A senior Tory has apologised for breaking an agreement not to vote in key House of Commons votes so a Liberal Democrat MP could care for her newborn son.
Conservative Party chairman Brandon Lewis said sorry to Lib Dem deputy leader Jo Swinson for reneging on a “pairing” deal on crunch Brexit votes on Tuesday night.
Under House of Commons tradition, an MP from one party who is unable to attend a parliamentary vote can ask for a “pair” from another party, an agreement that sees one of their MPs also miss the vote.
Ms Swinson, who recently gave birth to her son Gabriel, reacted furiously on Tuesday when Mr Lewis – supposed to have been “paired” with her – was revealed to have voted in two knife-edge divisions on the government’s Trade Bill.
In the more significant of the votes, Theresa May survived a Tory Remainer rebellion to scrape a victory by just six votes.
After Mr Lewis was shown to have participated in the votes, Ms Swinson accused the government of “desperate stuff”.
She wrote on Twitter: “This is calculated, deliberate breaking of trust by government whips to win at all costs.
“Brandon abstained in afternoon divisions, but voted in the two crunch votes after 6pm. There’s a word for it – cheating.”
Ms Swinson also called on MPs to end the “charade” and decide on proxy voting procedures next week.
Responding to the row, Mr Lewis told Ms Swinson: “I’m sorry Jo.
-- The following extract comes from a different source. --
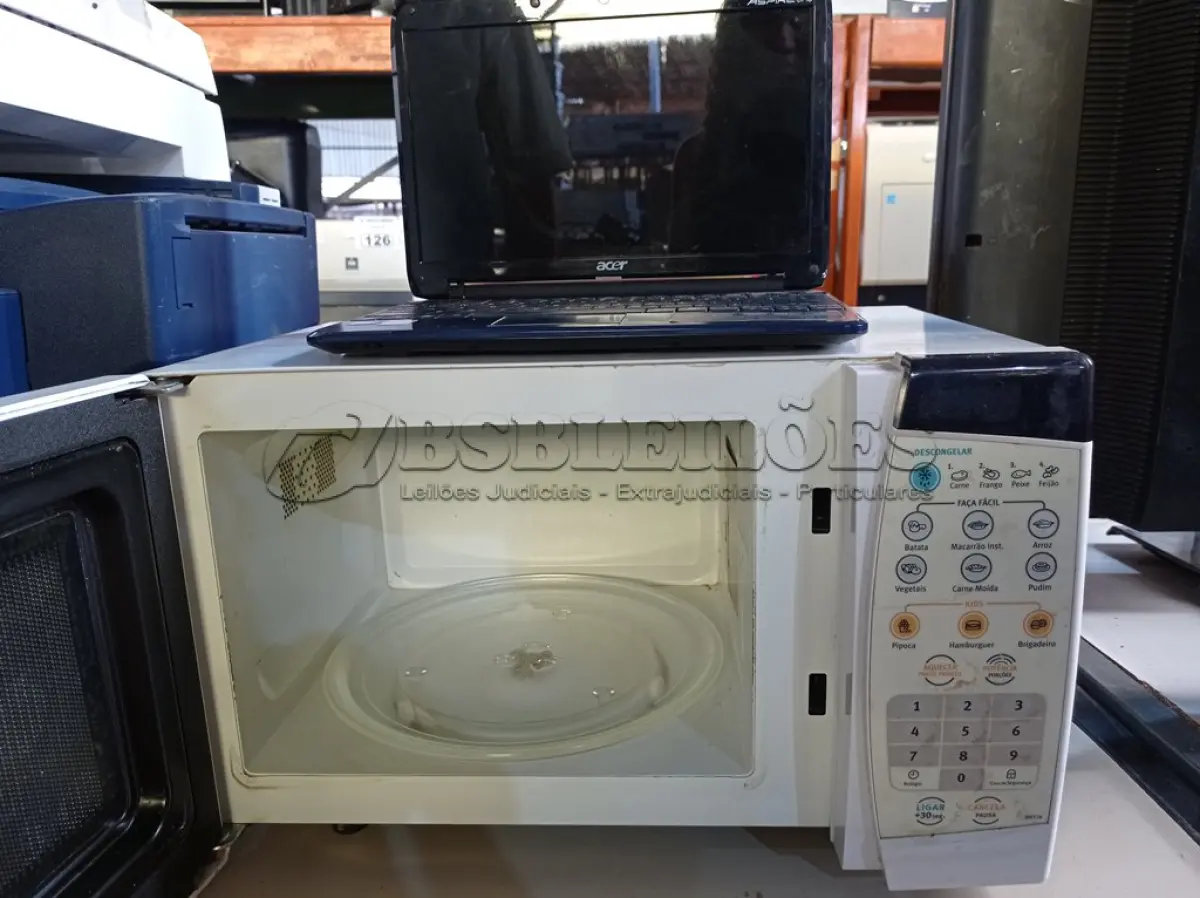 LOTE 192 - 01 MICRO-ONDAS MARCA ELECTROLUX E 01 NETBOOK MARCA ACER. (NO ESTADO) ATENÇÃO! FAZER A VISITAÇÃO ANTES DE ARREMATAR, NÃO SABEMOS SE FUNCIONA. LEILÃO NÃO TEM GARANTIA E NEM DEVOLUÇÃO, SUJEITO A POSSÍVEIS AVARIAS VISÍVEIS/OCULTAS E/OU AUSÊNCIA DE COMPONENTES.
I think it was an honest mistake made by the whips in fast-moving circumstances.
“I know how important the pair is to everyone, especially new parents, and I apologise. Also apologies for late reply, been speaking at an event.”
Ms Swinson responded by describing Mr Lewis’ explanation as “not credible”.
She replied: “Really? So what happened then? Take me through it.”
The government’s chief whip Julian Smith also offered an apology to Ms Swinson, insisting the Tories “consistently” offer pairs for pregnancy and Mr Lewis was “asked to vote in error”.
For previous Brexit votes on Monday night, Ms Swinson was paired with Tory digital minister Margot James, who attended the world premiere of the new Mamma Mia! film while she was not allowed to vote.
Commenting on the furore, Labour’s shadow women and equalities secretary Dawn Butler attacked the “absolutely appalling” incident.
She posted on Twitter: “Parliament needs to be dragged into the 21st century and Brandon Lewis must personally apologise for his role in making politics even more inaccessible for new mums.”
There are currently no formal maternity or paternity arrangements in Parliament, with informal leave arranged at party level.
Senior Labour MP Harriet Harman is leading current efforts for MPs to be given six months’ maternity leave with provisions for colleagues to vote on their behalf during their absence.